Variable Description Default
PORT HTTP Port to listen on 8080
RUN_MODE service (HTTP) or job (one-off) service
GCP_PROJECT_ID Google Cloud Project ID Detected from creds
GOOGLE_APPLICATION_CREDENTIALS Path to Service Account JSON key -
GIN_MODE Gin framework mode (release or debug) release (if unset)
API_KEY Optional API key for request auth -
EXPORT_DRIVER Destination driver: GCS_PARQUET or STARROCKS GCS_PARQUET
STARROCKS_HOST StarRocks FE host -
STARROCKS_PORT StarRocks MySQL port 9030
STARROCKS_USER StarRocks user -
STARROCKS_PASSWORD StarRocks password -
STARROCKS_DB Default database used when request omits database -
STARROCKS_WAREHOUSE Session warehouse for StarRocks default_warehouse
STARROCKS_BATCH_SIZE Insert batch size 1000

Job mode environment overrides (only when RUN_MODE=job):

Variable Description Default
JOB_QUERY SQL to run on BigQuery -
JOB_QUERY_LOCATION BigQuery job location (e.g., US) -
JOB_TABLE Target table name for StarRocks -
JOB_DATABASE Target database for StarRocks -
JOB_OUTPUT GCS output URI/prefix for Parquet -
JOB_FILENAME Base filename for Parquet exports -
JOB_USE_TIMESTAMP Append timestamp to filenames (true/false) false
JOB_CREATE_DDL Optional explicit CREATE TABLE DDL -

API Usage

Endpoint: POST /api/export

Single endpoint supports both drivers.
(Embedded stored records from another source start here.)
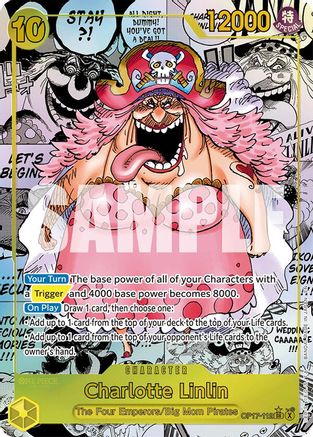 The Worlds Strongest Warriors  OP17-112 Charlotte Linlin (112) (Manga) (OP17-112)  - Foil - Super Rare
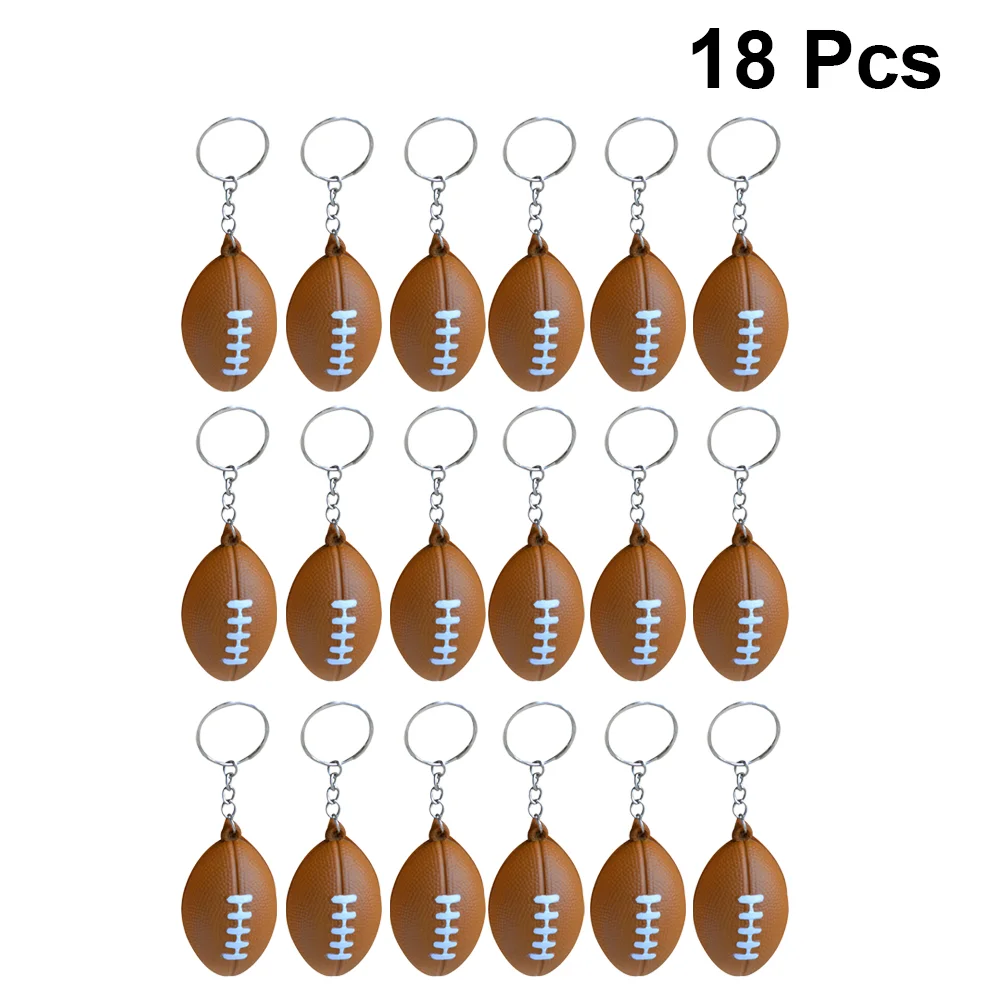 American Football Keychain Rugby PU Keyring Souvenirs Pendants Toys for Players Athletes Boys Teammates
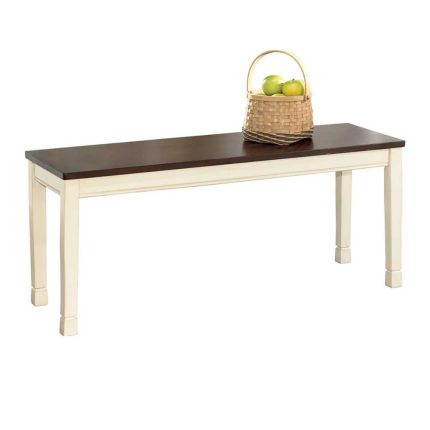 Cottage White Dining Bench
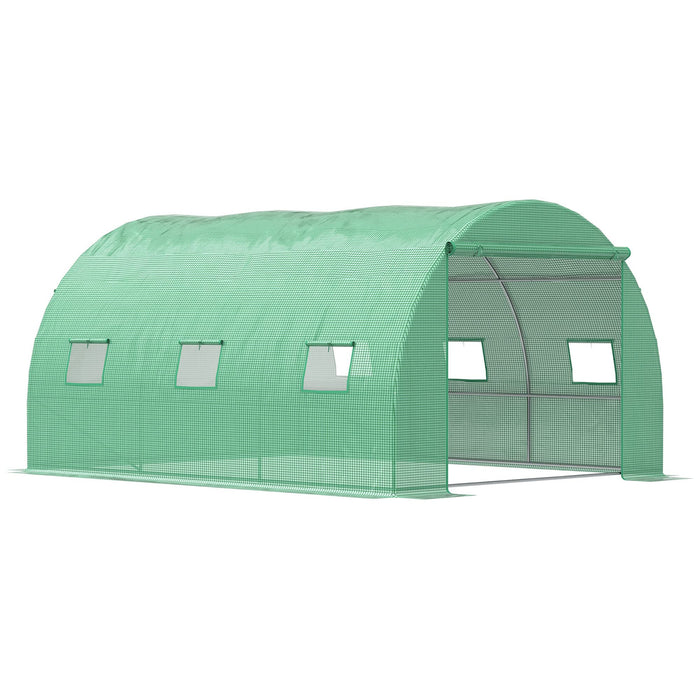 OutSunny Polytunnel Greenhouse 397 (L) x 300 (W) x 200 (H) cm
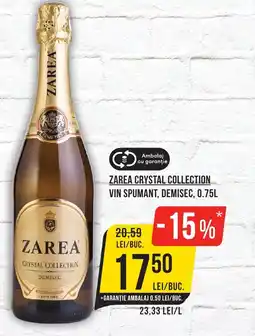 ZAREA CRYSTAL COLLECTION VIN SPUMANT, DEMISEC, 0.75L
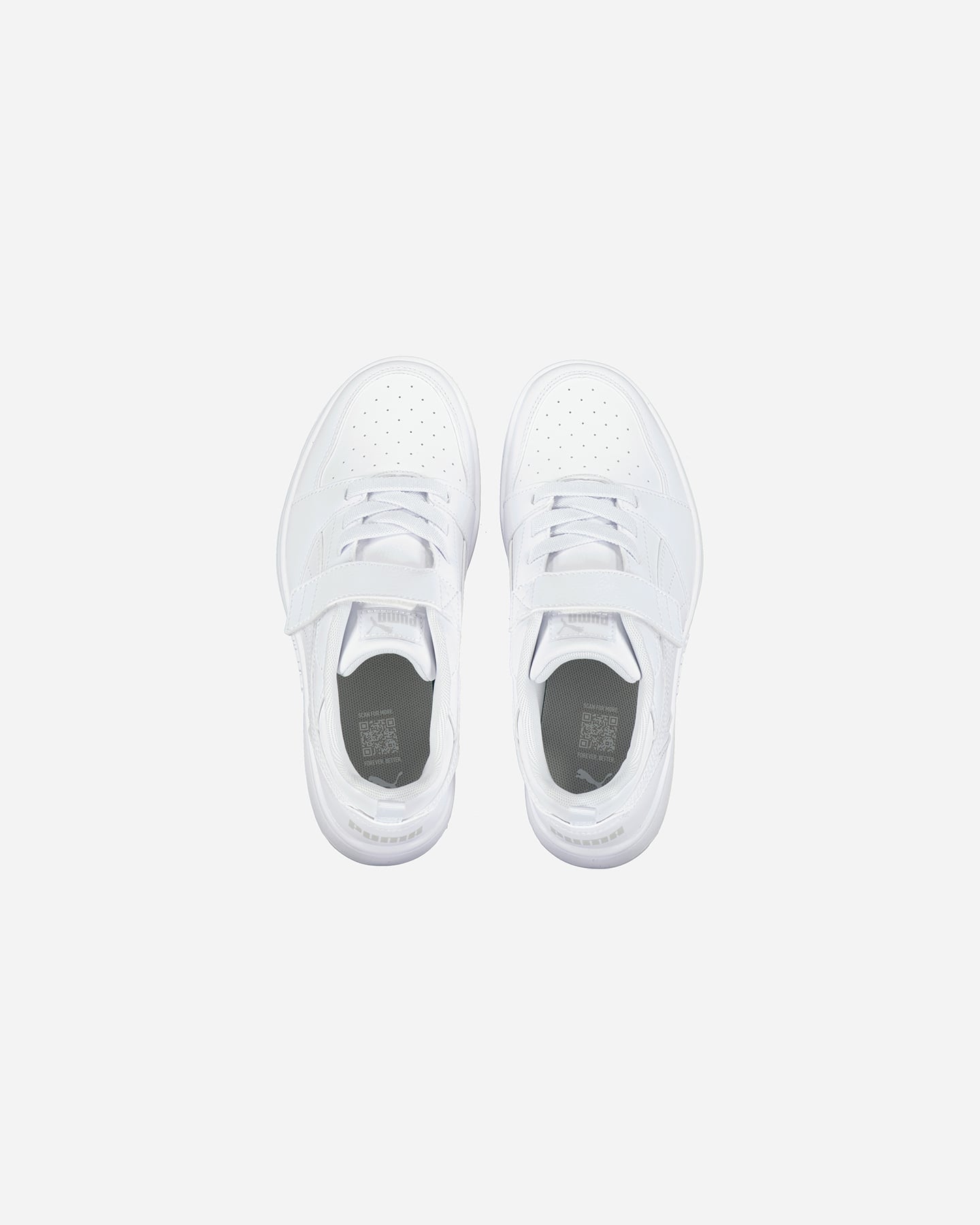 Scarpe sneakers PUMA REBOUND V6 PS JR - Bianco - 3 | Cisalfa Sport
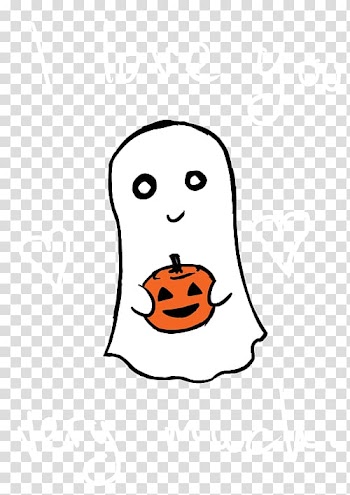 Drawing Halloween Ghost , Drag The Luggage transparent background PNG clipart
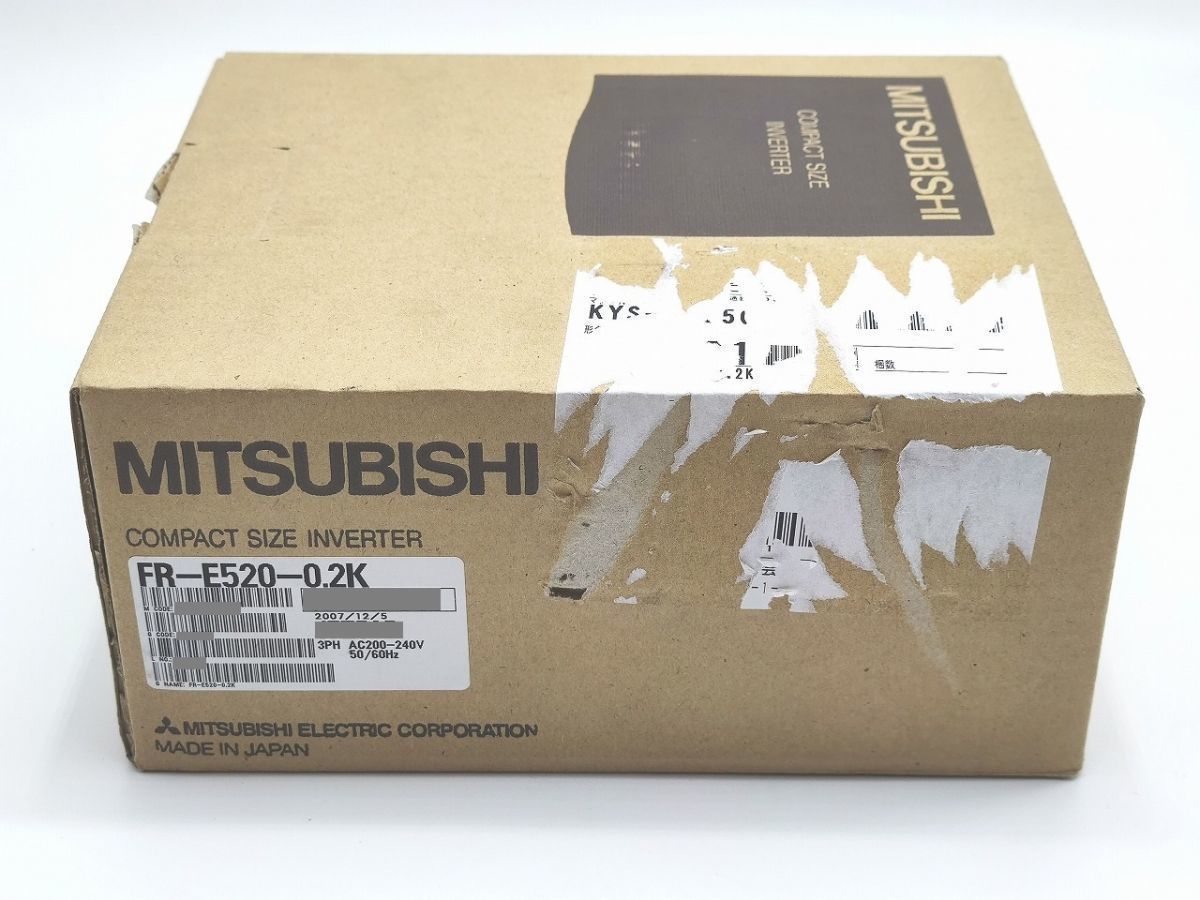 【2021新春福袋】 箱いたみあり 未使用 三菱 インバータ インバーター FR-E520-0.2K 待望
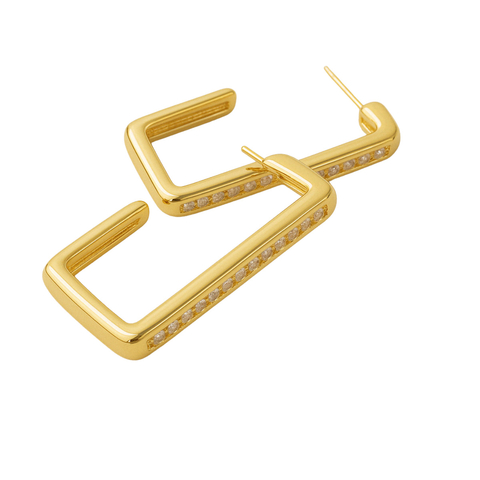 BRINCO PONTO ALTO - REVESTIDO A OURO 18K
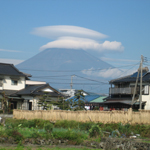 Clouds on Mount Fuji, Susono, Shizuoka Pref.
The body shape is unified; fields are validated per driver.

Request Body:

{
  "query": "SELECT * FROM dataset.table",
  "query_location": "US",
  "table": "optional-for-starrocks",
  "output": "required-for-gcs",
  "filename": "optional-for-gcs",
  "use_timestamp": false
}
  • Common:
    • query and query_location are required.
  • GCS Parquet:
    • output required; filename and use_timestamp optional.
    • Response includes gcs_path.
  • StarRocks:
    • table optional; defaults to export.
    • database optional; overrides the default STARROCKS_DB for this request. If set, the service ensures the database exists (creates if missing).
    • create_ddl optional; if provided, will be executed to create the table (e.g., full CREATE TABLE ... statement). If not provided, the service infers schema from the BigQuery result and:
      • Creates the table if missing using a default DUPLICATE KEY model (first column) and HASH distribution (8 buckets)
      • Performs automatic schema evolution by adding missing columns when the query returns new fields
    • Response includes starrocks_table and rows_loaded.

Curl Examples with Docker Compose Defaults

When running via docker compose up, the service listens on localhost:8080, requires the header X-API-Key: apikey, and defaults to EXPORT_DRIVER=GCS_PARQUET.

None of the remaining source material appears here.